Freshness is becoming table stakes for c-stores that want to establish themselves as foodservice destinations. Some operators are taking that dedication to the next level. Southwest Georgia Oil rotates fresh sandwiches and other hot items in its merchandisers between 10 a.m. and 2 p.m. every, following a test it implemented last year in a few of its nearly 80 locations. The company guarantees fresh lunch to be in the merchandisers during this period, and if the food isn’t up to these standards, customers eat for free, said Weckstein of Southwest Georgia Oil. This strategy has helped keep employees on top of food prep and ready to serve to customers, she said.
“It’s really that simple—the food needs to be fresh,” she said.
Tighten the menu
The number of food and beverage menu entrees available in convenience stores decreased more than 5% in 2019, according to Technomic’s 2019 Convenience Market Annual Report. Specifically, sandwiches decreased nearly 37% and sides dropped more than 12%. Focusing on one or two foodservice items—such as sandwiches or sides during lunch—rather than an expanded menu may attract more customers, said Jessica Williams, founder and CEO of c-store foodservice consultancy Food Forward Thinking LLC, Louisville, Ky.

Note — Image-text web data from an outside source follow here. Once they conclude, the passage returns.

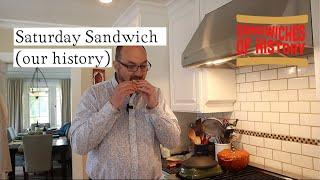 Saturday Sandwich (our history) on Sandwiches of History⁣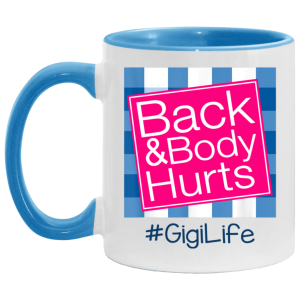 Back And Body Hurts Gigi Life Funny Mother's Day Gifts Mug Shirt Sweatshirt Hoodie Long Sleeve Tank TEERESS 3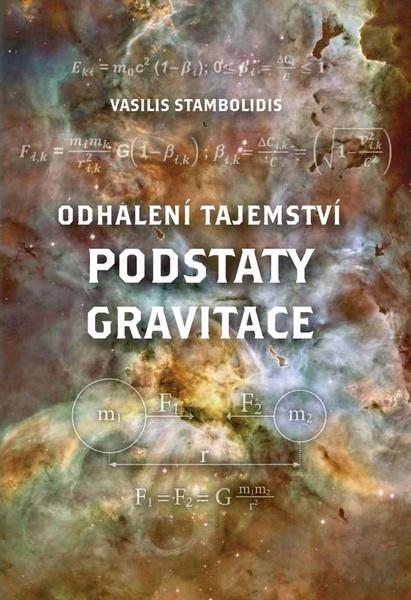 Levně Odhalení tajemství podstaty gravitace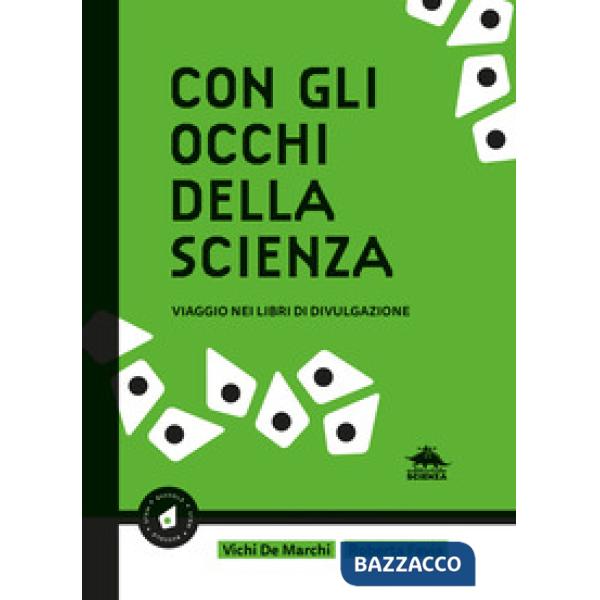 Con gli occhi della scienza. Viaggio nei libri di divulgazione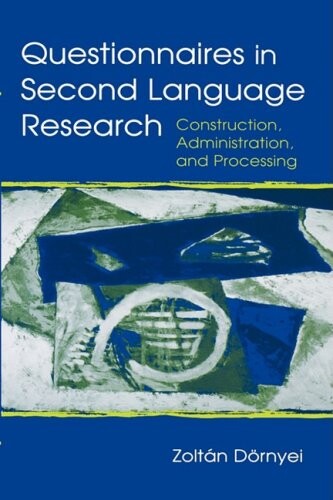 Questionnaires in Second Language Research: Construction, Administration, and Processing (Second Language Acquisition Research Series)
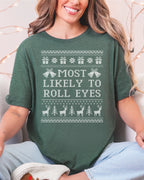 Most Likely To Roll Eyes Ugly Christmas T-shirt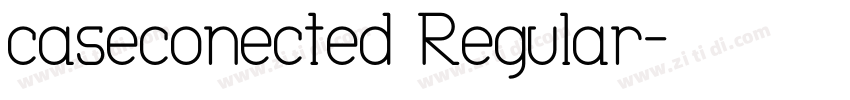 caseconected Regular字体转换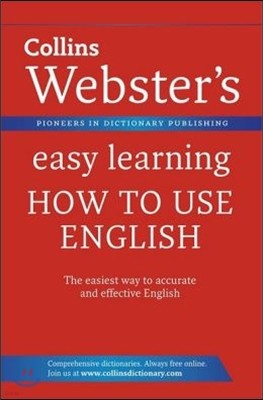 Collins Webster's Easy Learning : How to Use English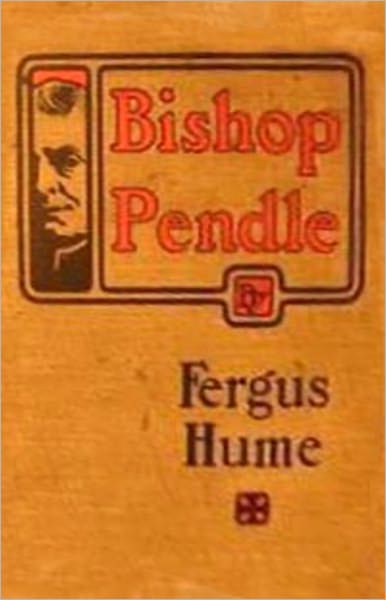 The Bishop's Secret: A Mystery/Detective Classic By Fergus Hume! AAA+++
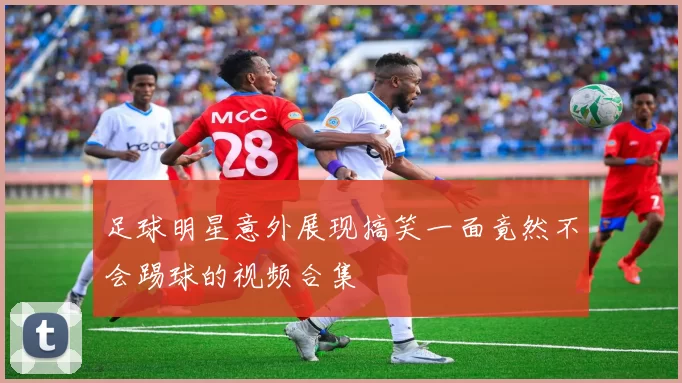 足球明星意外展现搞笑一面竟然不会踢球的视频合集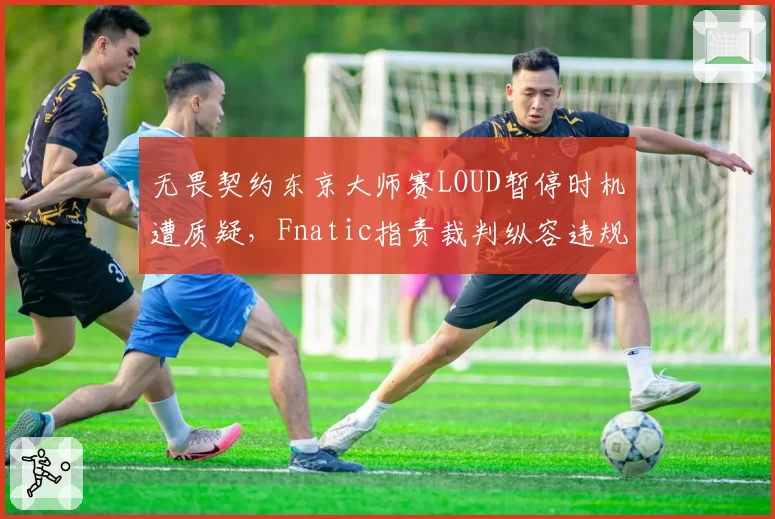 无畏契约东京大师赛LOUD暂停时机遭质疑,Fnatic指责裁判纵容违规操作?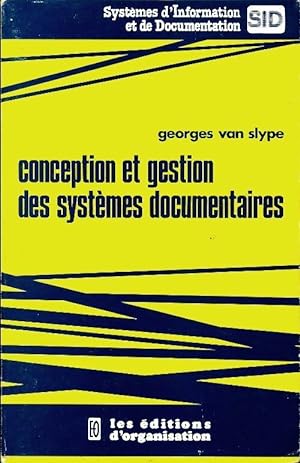 Conception et gestion des syst?mes documentaires - Georges Van Slype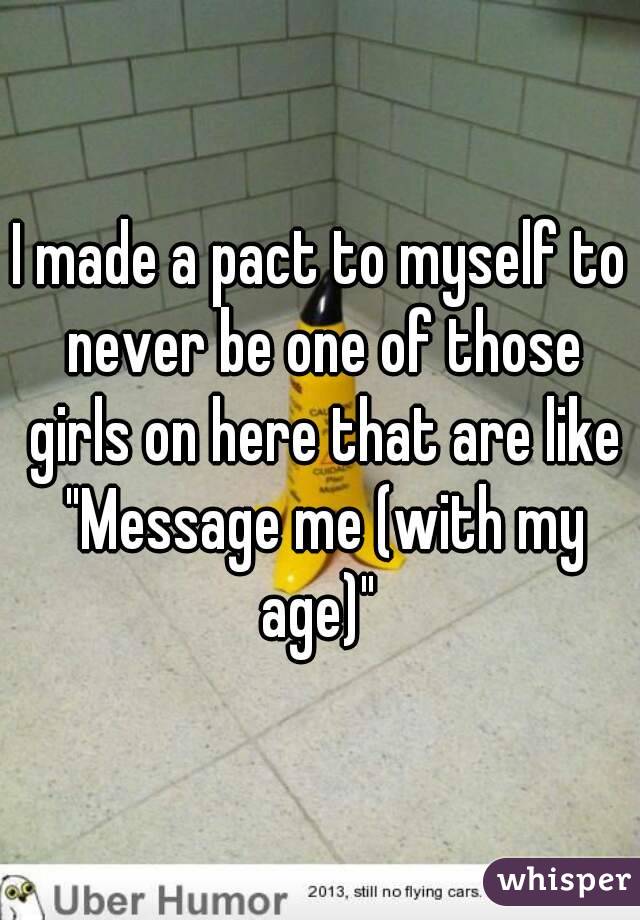 I made a pact to myself to never be one of those girls on here that are like "Message me (with my age)" 
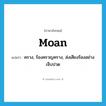 moan แปลว่า?, คำศัพท์ภาษาอังกฤษ moan แปลว่า คราง, ร้องครวญคราง, ส่งเสียงร้องอย่างเจ็บปวด ประเภท VI หมวด VI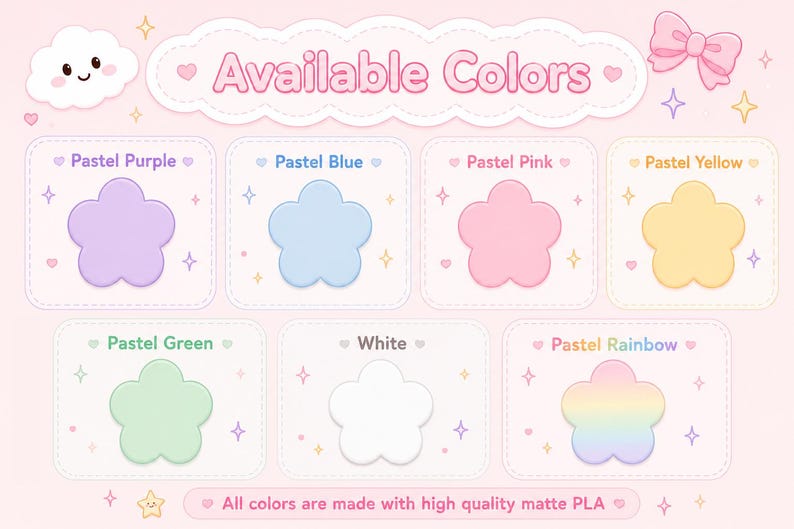 Puede incluir: Una carta de colores titulada Available Colors con siete iconos en forma de flor en colores pastel: morado, azul, rosa, amarillo, verde, blanco y arco&iacute;ris. Cada icono tiene su nombre. El texto inferior dice: All colors are made with high quality matte PLA.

“There’s strength in doing one product very well,” she said. “If you could pick one item for which you’d like to be famous for, do that and do it great.”
Casey’s General Stores, Ankeny, Iowa, and Parker Cos., Savannah, Ga., both use this strategy with pizza and fried chicken, respectively. Although the chains serve other foodservice items, they have built their brands around one particular item. Focusing on enhancing a core item is something other operators should be doing as well, Williams said.
Spread the word
Fifty-nine percent of convenience-store operators said social media and new marketing efforts offer the most new business-building potential for their foodservice programs, according to CSP’s 2019 Foodservice Handbook. This ranked ahead of loyalty programs (54%) and mobile ordering (49%).
Social media can target customers even minutes prior to going on a lunch break, said Shapiro of Krispy Krunchy Chicken. For example, if they’re at work and are about to leave for lunch, they may find a geotargeted ad promoting a sandwich deal at their local c-store and decide to visit for lunch.
“Social media helps customers find those deals,” she said.
Weckstein of Southwest Georgia Oil advises operators to offer free lunches to local or sample food items at the pump to get customers in during lunch.
“This also builds awareness among employees about [c-stores] as a local lunch option,” said Dee Cleveland, director of marketing for Hunt Brothers Pizza, Nashville, Tenn., a c-store pizza supplier.
Beyond offering free lunches to the community, Southwest Georgia Oil has also held summertime cookouts to lure gas-pumping customers inside.
“We had a grand opening where we cooked our roller grill bratwursts and hot dogs outside the store,” she said. “The vendor came out and did it with us and it was a huge success.”